If you enter the Vassar campus through the Main Gate, you may notice a small glass building to their right; an Art Deco-influenced structure that stands in stark contrast to the Victorian-style buildings surrounding it. This is the entrance to Vassar’s art gallery: the Frances Lehman Loeb Art Center. The Loeb is a landmark of the Vassar campus, home to the work of esteemed artists from Picasso to Pollock, and host to a variety of events held by groups at Vassar.
Students can visit the Loeb Tuesday through Sunday to browse the gallery, research artwork for a class assignment or just enjoy its creative, quiet environment. The art center typically closes at 5 p.m., but on Thursdays it is open until 9 p.m. for Late Nights at the Loeb. During your typical Late Night, the Art Center’s atmosphere transforms completely; the statue garden will occasionally become the venue for musicians and the gallery a gathering place for Vassar students.
Besides Thursday nights, the art center functions as a resource for students and teachers alike to research paintings, sculptures, prints, and various other artworks. The gallery holds over 19,000 works of art including Hudson River School paintings and the Warburg Collection of Old Master prints.
Not only does this gallery house a great number of artwork ranging from antique to contemporary styles, it is also a work of art itself. The Loeb was designed by Cesar Pelli, who also designed the Petronas Twin Towers in Malaysia and the Cira Centre in Philadelphia. Opened to the public in 1993, the Frances Lehman Loeb Art Center added a modern touch to a campus filled with old-style buildings.
Even after you’ve pored over every piece of art adorning the walls of the Loeb, there is still more to be seen throughout the year. Special exhibitions open up as the year progresses, and sometimes well-known artists will put up installations in the gallery.
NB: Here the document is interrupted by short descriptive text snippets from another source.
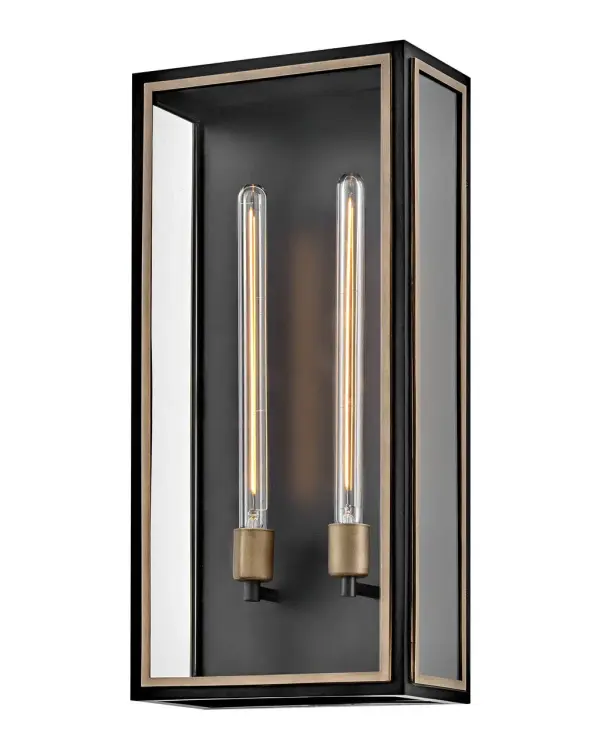 Large Wall Mount Lantern - Image 4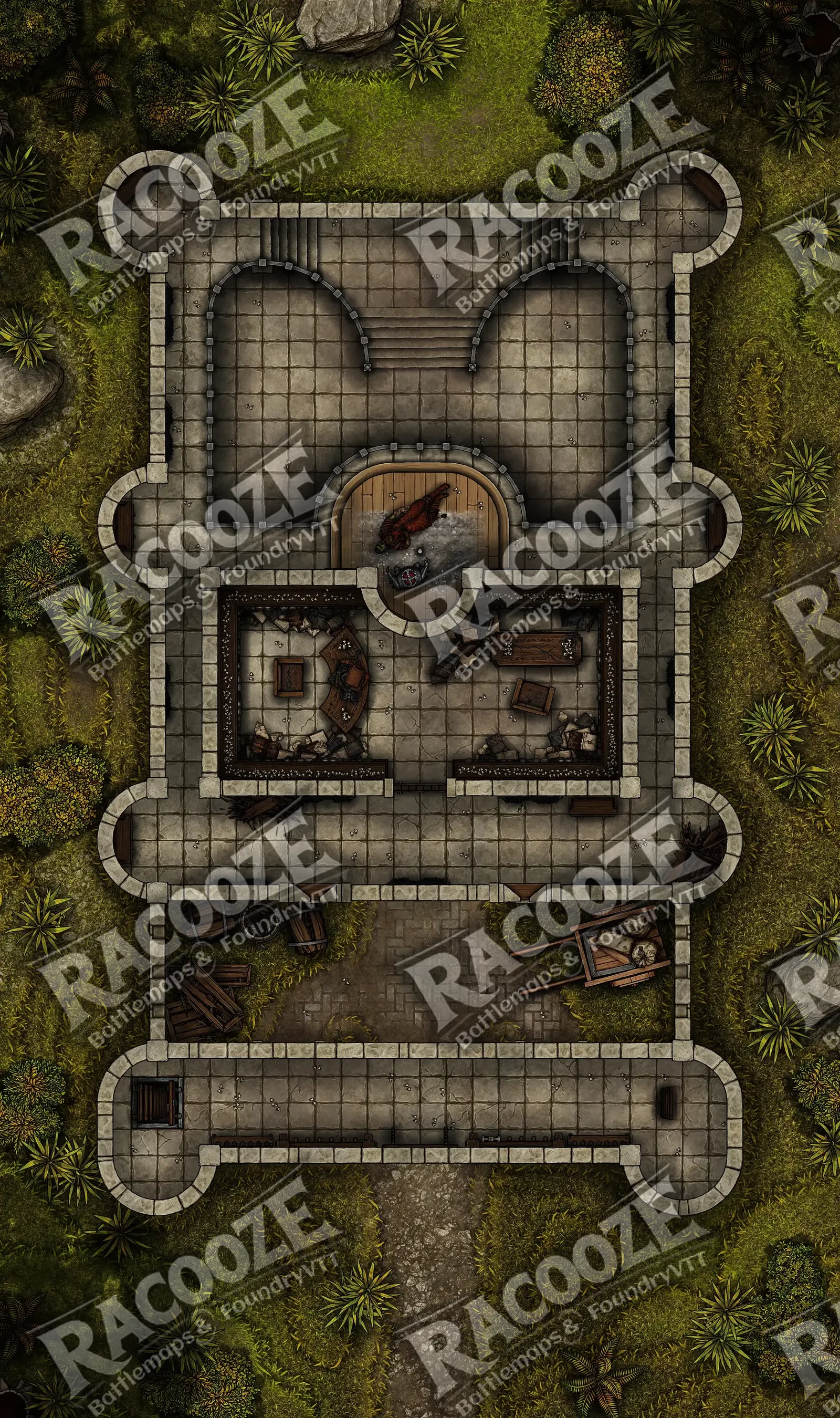 Palace of Teeth & Nine-Eaves preview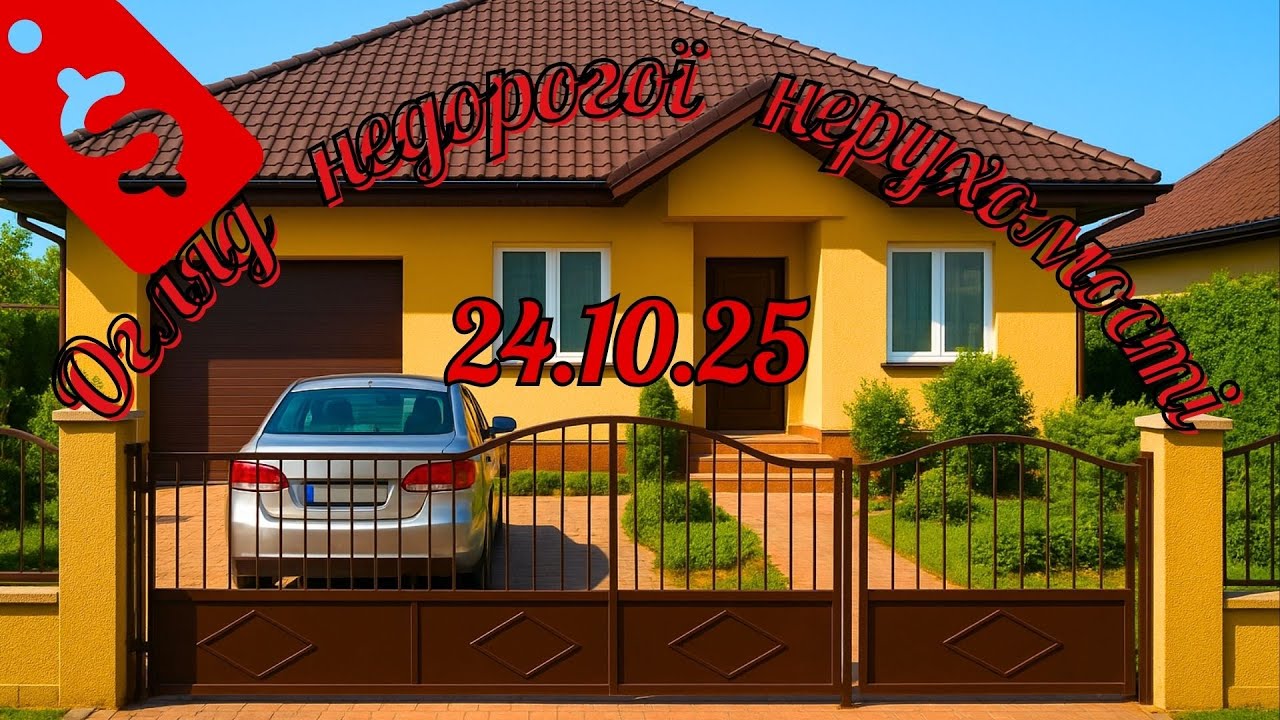 Хочеш дім, але грошей мало? Ми знайшли найвигідніші пропозиції для тих, хто шукає доступне житло!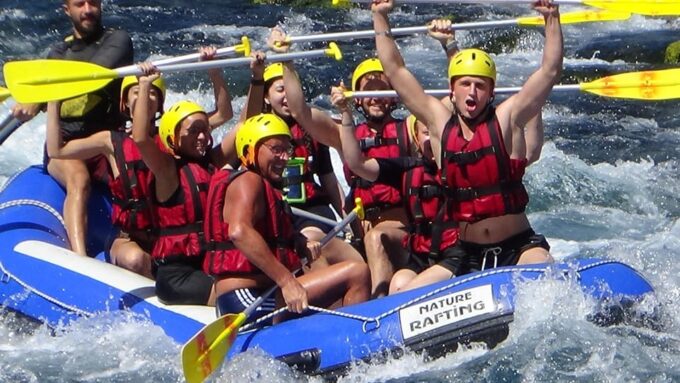 Antalya Adventure Tour: Rafting and Canyoning - Preparing for the Adventure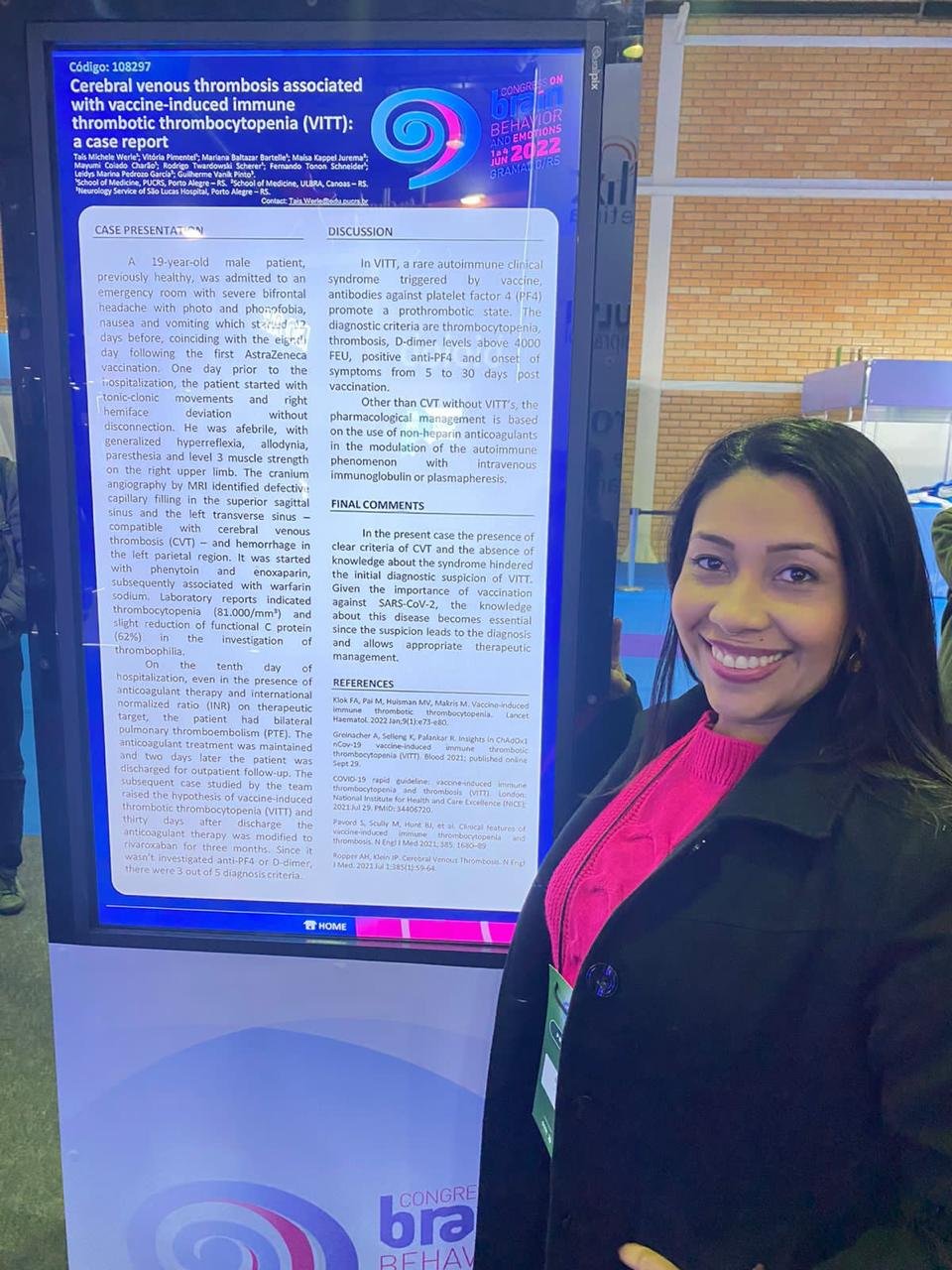 International Headache Congress 2025 - Sesión científica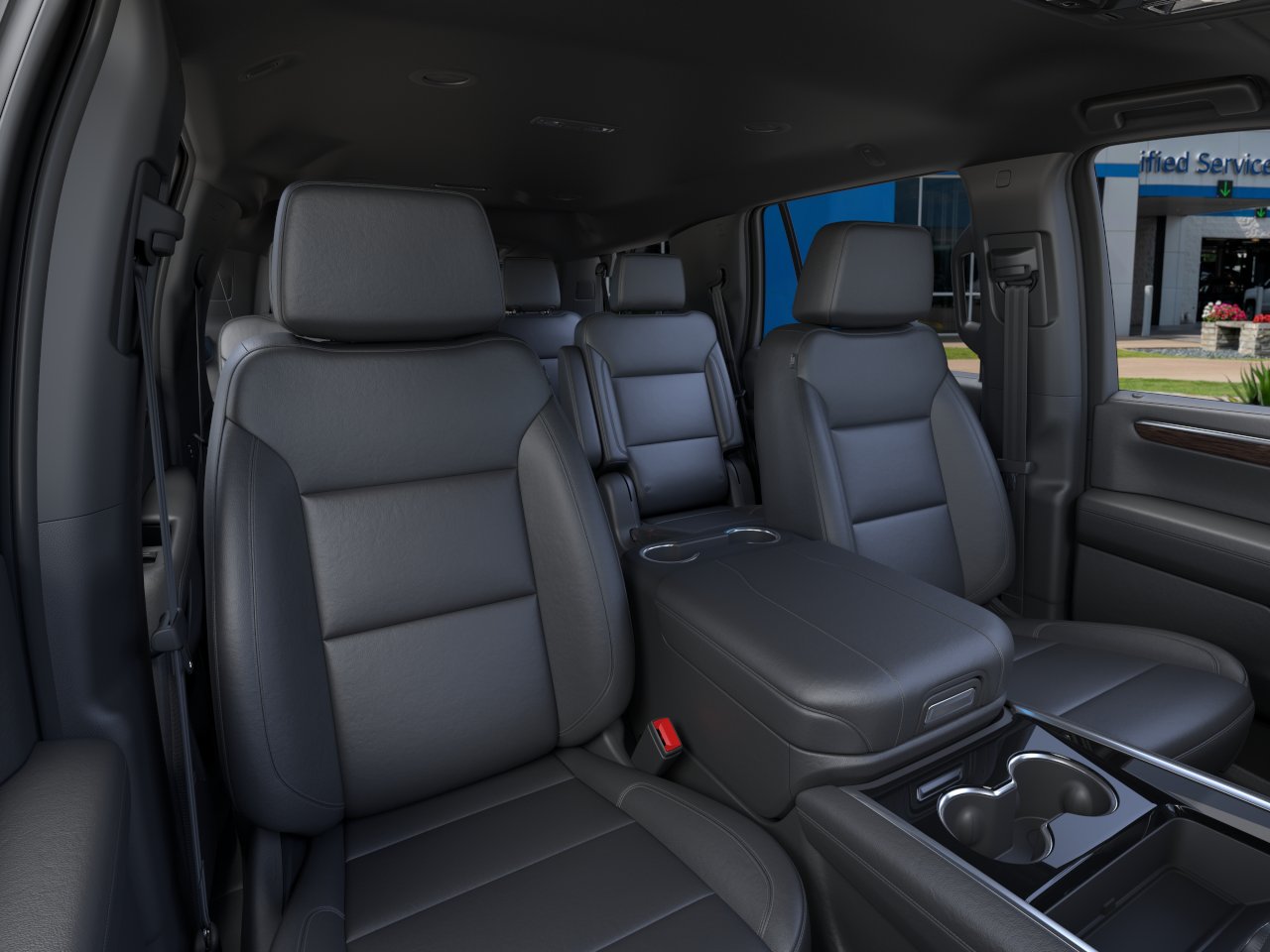 2026 Chevrolet Tahoe LT - Photo 40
This year, the exhibitions will include “Faces and Figures in Self-Taught Art,” “Imperial Augsburg: Renaissance Prints and Drawings, 1475-1540,” “XL: Large-Scale Paintings from the Permanent Collection” and “Through the Looking Glass: Daguerreotype Masterworks from the Dawn of Photography”. Last year artist Todd Knopke installed his monumental work of art titled Deluge in the gallery, and the Loeb is sure to see other pieces brought in during the upcoming years.
New students should check out the Loeb and make use of its many resources for people who are interested in art or are looking for a moment of tranquility. Whether you would like to look through the gallery, enjoy an upbeat Thursday night at the art center, or simply wander through the statue garden, the Loeb truly is a worthwhile experience that can cater to every type of student.